He is VERY tame and very nice, about 2 months old and still squeaking.

The stork-marked female is also quite tame, can be taken outside without flyign off, likes to take baths with YOU and comes when called. She's white with black stork markings, and is about 3-4 months old. Both the mosaic and the female were my neighbor's pets (a gift from me several months ago), and she's suddenly decided she doesn't want them anymore after I spent several months making sure she really wanted them before gettign them for her.

the female is a bit aggressive, most likely due to not beign around other birds, but if very tame and with some work would make an excellent freind.

the nestmate to the Mosaic is also quite tame, he's just an extra bird with similar markings, a dark tortiose shelled male.

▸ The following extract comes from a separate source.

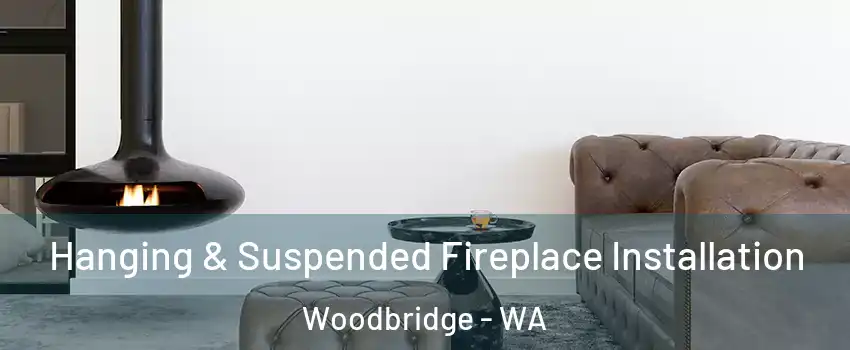 Hanging & Suspended Fireplace Installation Woodbridge - WA
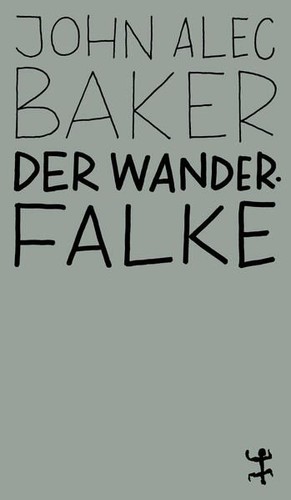 Der wanderfalke baker john - baker,,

These birds can go to a loft or house. I'd keep them but my loft holds only 20 birds, and is FULL at the moment.

THE MOSAIC AND THE FEMALE MUST GO TOGETHER, the nest mate is an extra if you want him. 

I live in the DC area, so you can come get them or ship, whichever you like.

e-mail me at [email protected] or call at 703-217-1223

Thanks so much!

Suzanne Cook*


----------



## screamingeagle (Oct 16, 2002)

Sorry, I forgot to mention in my re-post that both birds are pet pigeons that my neighbor no longer wants. She'd been wanting pigeons for many months, and I spent so long educating her about what she'd have to do to care for one, and REALLY drilled into her what to expect to make SURE she really wanted one. And after only 2 months she decides she doesn't want to keep something that requires attention.

The female actually ended up bonding with her mother instead of her, since she never spent any time with it. the Mosaic male was meant to be a companion to her current female, but after a week of having the male as well, she decided she was done with keeping them. So now I am stuck because they are VERY tame, but I don't have any room in my own loft for her disowned pets.

So at the moment, they are still at her house, most likely caged up all day and going nuts. i'd really like to get them out of there, but the only way is into a new home.

She's giving away the cage too, which is a large wire dog kennel (very nice), so if you live somewhat near, you can take it all.

For the same of the birds, I am also posting this on Craigslist to get them out asap. So this is your one chance to own a mosaic who is also quite tame.

Thanks!!

Suzanne Cook


----------